The number of genotypes in the differential set is very important in studies aimed at characterizing the pathogen population. Okoń and Ociepa (2017) used a set of seven lines and control varieties, which resulted in the identification of seven different pathotypes and slight differentiation of the analyzed population. The control set in the present study was extended by two forms, which allowed to detect a greater number of pathotypes and a slightly greater diversity of the pathogen population. Extending the control set with recently identified genotypes carrying new resistance genes will provide more reliable results, and in turn more precise conclusions.

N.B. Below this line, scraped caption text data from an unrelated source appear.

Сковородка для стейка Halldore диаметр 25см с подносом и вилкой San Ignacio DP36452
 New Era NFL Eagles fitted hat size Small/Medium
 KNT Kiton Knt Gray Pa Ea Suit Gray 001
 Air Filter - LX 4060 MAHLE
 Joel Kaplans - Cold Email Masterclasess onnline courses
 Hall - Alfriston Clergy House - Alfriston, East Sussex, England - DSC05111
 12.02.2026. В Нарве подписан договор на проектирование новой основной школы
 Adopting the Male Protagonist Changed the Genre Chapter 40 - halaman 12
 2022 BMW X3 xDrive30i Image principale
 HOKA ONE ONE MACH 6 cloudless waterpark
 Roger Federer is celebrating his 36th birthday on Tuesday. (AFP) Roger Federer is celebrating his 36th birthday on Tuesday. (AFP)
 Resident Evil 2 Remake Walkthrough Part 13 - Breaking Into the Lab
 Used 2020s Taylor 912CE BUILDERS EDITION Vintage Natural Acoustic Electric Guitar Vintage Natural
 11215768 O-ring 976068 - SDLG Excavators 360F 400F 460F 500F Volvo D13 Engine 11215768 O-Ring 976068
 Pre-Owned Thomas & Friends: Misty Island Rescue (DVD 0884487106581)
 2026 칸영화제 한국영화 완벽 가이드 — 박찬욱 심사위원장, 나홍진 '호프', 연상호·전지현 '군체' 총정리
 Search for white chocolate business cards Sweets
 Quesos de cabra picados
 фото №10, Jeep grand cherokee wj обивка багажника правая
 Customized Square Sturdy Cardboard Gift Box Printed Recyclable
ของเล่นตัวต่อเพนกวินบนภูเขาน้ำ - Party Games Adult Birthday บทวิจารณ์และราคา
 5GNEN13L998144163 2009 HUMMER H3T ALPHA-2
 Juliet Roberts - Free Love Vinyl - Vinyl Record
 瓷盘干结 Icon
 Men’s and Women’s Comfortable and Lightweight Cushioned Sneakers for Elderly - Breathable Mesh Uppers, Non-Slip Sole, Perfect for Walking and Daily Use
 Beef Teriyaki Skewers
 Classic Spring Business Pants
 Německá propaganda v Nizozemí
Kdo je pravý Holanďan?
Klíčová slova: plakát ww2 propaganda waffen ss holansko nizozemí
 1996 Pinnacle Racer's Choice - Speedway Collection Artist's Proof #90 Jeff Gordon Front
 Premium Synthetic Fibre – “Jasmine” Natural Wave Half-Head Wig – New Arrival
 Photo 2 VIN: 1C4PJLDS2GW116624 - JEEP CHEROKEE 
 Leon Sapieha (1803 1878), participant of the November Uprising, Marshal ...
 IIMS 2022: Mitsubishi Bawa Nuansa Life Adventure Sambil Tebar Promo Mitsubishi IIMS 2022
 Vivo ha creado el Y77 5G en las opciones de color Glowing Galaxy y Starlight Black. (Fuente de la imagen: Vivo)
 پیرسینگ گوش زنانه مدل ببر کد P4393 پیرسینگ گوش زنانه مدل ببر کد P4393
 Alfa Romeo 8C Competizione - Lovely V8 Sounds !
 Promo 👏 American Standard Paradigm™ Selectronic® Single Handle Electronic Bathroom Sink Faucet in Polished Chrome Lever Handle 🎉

This was confirmed by numerous studies conducted in the populations of barley and wheat pathogens. A study of Dreiseitl and Kosman (2013) based on 20 control lines identified 27 different pathotypes in the population of B. graminis f. sp. hordei in South Africa. The parameters of population diversity were significantly higher than those obtained in our study on a set of nine control genotypes. Similarly 16 control genotypes allowed the identification of 15 different pathotypes in B. graminis f. sp. tritici population in Lithuania and Ukraine (Traskovetskaya et al., 2019).

Based on STRUCTURE and PCoA, all studied isolates were divided into three groups, which confirmed that Bga populations in Poland were not very diverse despite the fact that they were collected from different locations across the country. This could also be due to the slow rate of pathogen evolution during these two years.

The summary of studies from 2010–2015 has demonstrated that the dynamics of changes in Bga population is low. However, continuous observations of the pathogen population are important aspect of research on oat resistance, considering widespread cultivation of cultivars with specific resistance genes and climate changes. This contributes to a better wintering of powdery mildew and passing the full cycle of sexual reproduction, resulting in the emergence of new allelic systems in the pathogen population (Elad and Pertot, 2014; Gupta et al., 2018; Tang et al., 2017; Yáñez-López, 2012).